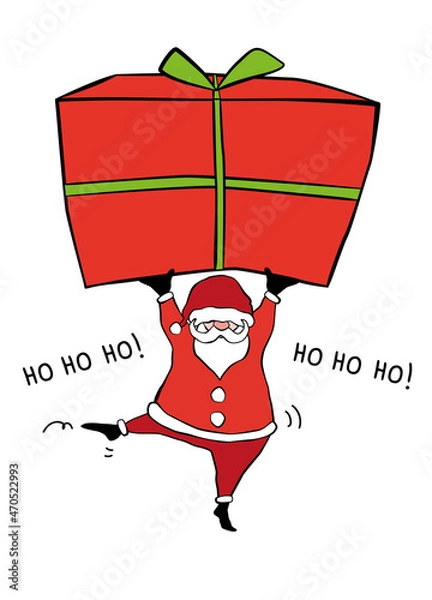 Obraz Merry_Christmas_3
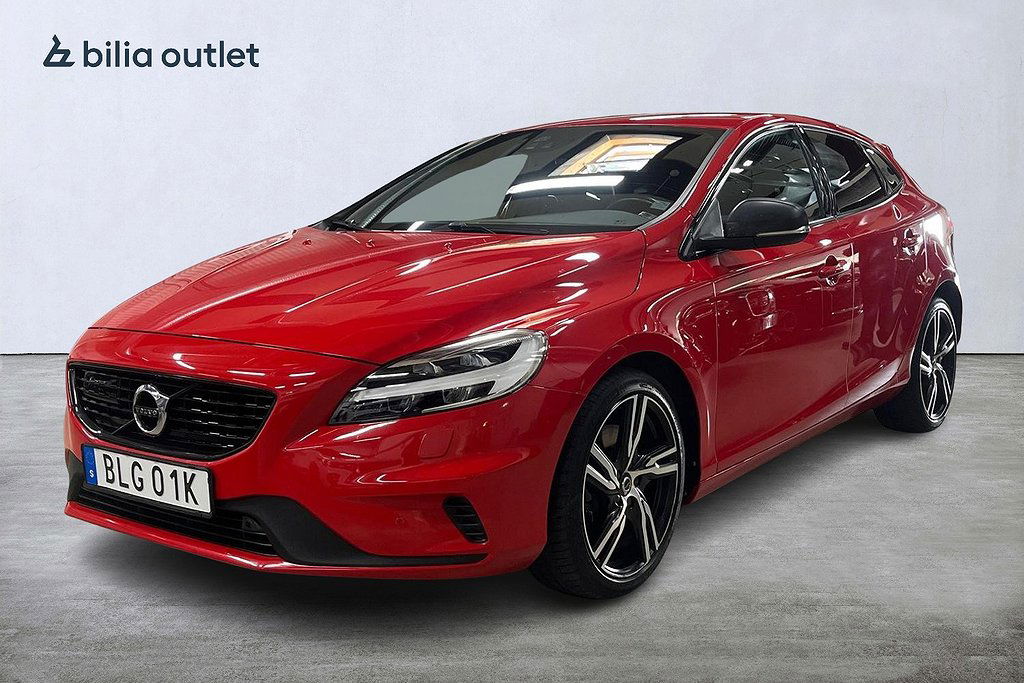 Volvo V40 2019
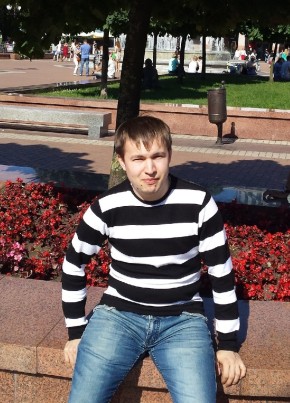 Андрей, 34, Россия, Светлый (Калининградская обл.)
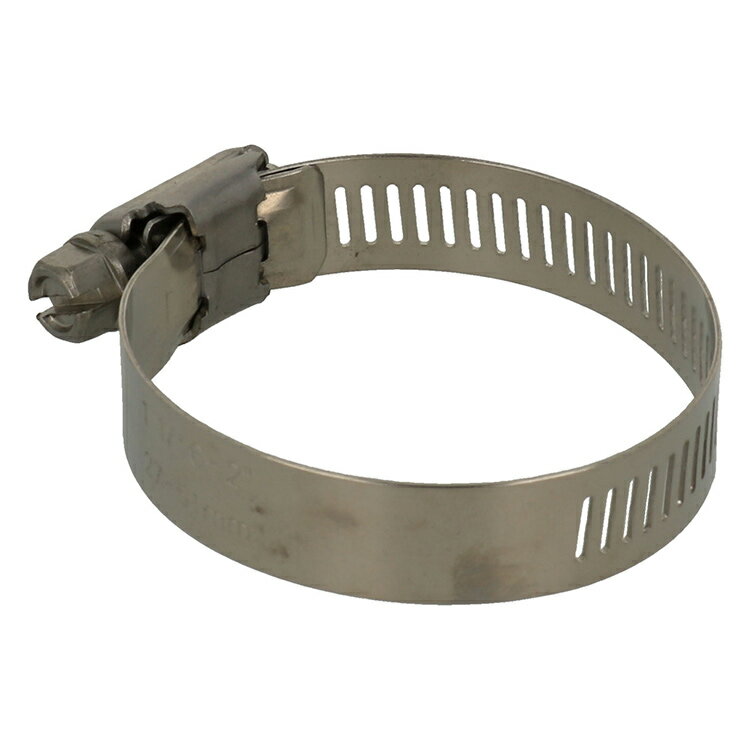 ステンレスホースバンド 12.7mm 27-51 ［5個］#ステンレス 吸水ホース 自動車 ガス配管 防錆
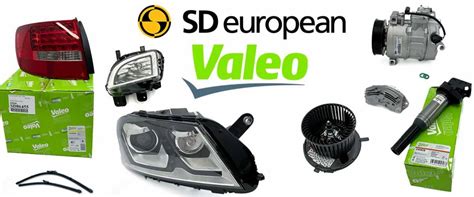 Valeo OEM Parts for BMW, Audi, VW & Skoda | News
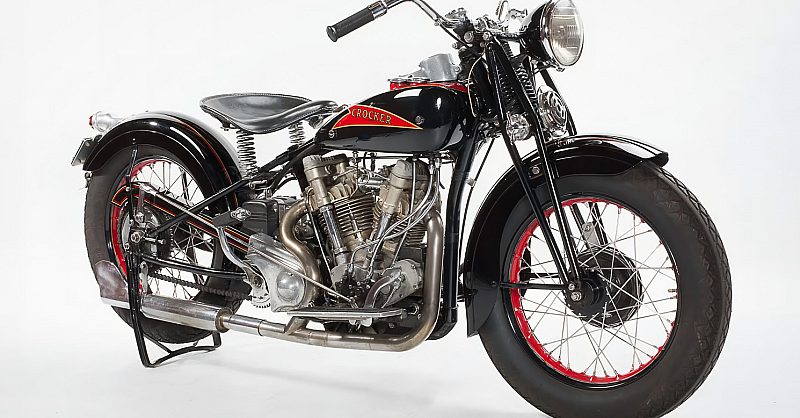 1938 Crocker Twin | Bike EXIF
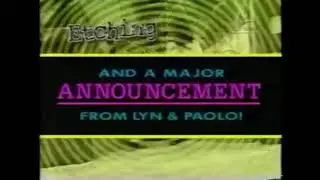 GMA - Etching promo (June 6, 1998)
#####
Repeat the listing word for word, omitting the pictures.

 Obraz Merry_Christmas_3
 Volvo V40 2019
 Андрей, 34, Россия, Светлый (Калининградская обл.)
 ステンレスホースバンド 12.7mm 27-51 ［5個］#ステンレス 吸水ホース 自動車 ガス配管 防錆
 Valeo OEM Parts for BMW, Audi, VW & Skoda | News
 1938 Crocker Twin | Bike EXIF
 GMA - Etching promo (June 6, 1998)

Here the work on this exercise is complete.